FIG. 2.

Induction kinetics of the placental hGH-hCS genes in BeWo cells. (A) Histone deacetylase inhibition with TSA failed to induce BeWo cell gene expression. The cells were treated with the indicated concentrations of TSA for 12 h. Total RNA was analyzed by Northern blotting using ethanol as a vehicle control. Hybridization probes used are indicated to the right of each panel. (B) FSK-induced BeWo cell syncytialization resulted in only a moderate increase in hGH-hCS expression. BeWo cells were induced to syncytialize by culturing them in the presence of 80 μM FSK for 4 days. Total RNA from the treated cells was used for Northern blot analyses. The syncytialization was confirmed by hCGβ induction. Dimethyl sulfoxide (DMSO) was the vehicle control. (C) Placental hGH-hCS expression was induced by long-term culture of BeWo cells. The cells were plated at a high density and incubated without chemical additives for 32 days. Total RNA (20 μg) was collected every 4 days for analysis by Northern blotting. (D) The BeWo hGH-hCS transcript profile after 32 day of culture was qualitatively similar to that in term placentas.

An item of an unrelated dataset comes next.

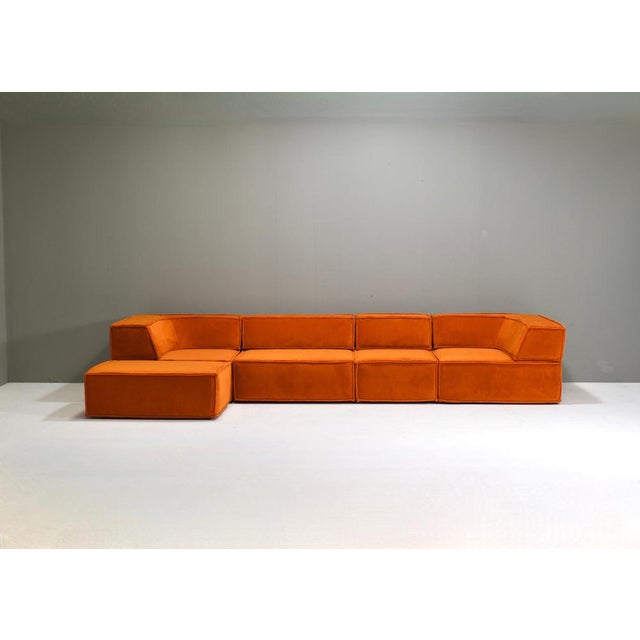 Orange COR Trio Sectional Sofa, 1970s, Set of 9 For Sale - Image 3 of 18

RT-PCR analysis was performed as described for Fig. 1C but with total RNA (5 μg) from BeWo cells at days 0 and 32 of culture and from human term placental villi. hCS-A, hCS-B, and hGH-V mRNAs were detected in all three samples; no hGH-N or hCS-L signals were observed. (E) Matrigel coating of the culture plates enhanced hGH-hCS activation in BeWo cells. The BeWo cells were cultured on Matrigel-coated dishes for 32 days, and total RNA was collected every 8 days, as described for panel C above. The Northern blot analysis showed higher and faster induction of hGH-hCS genes than that shown in panel C when cells were grown on Matrigel.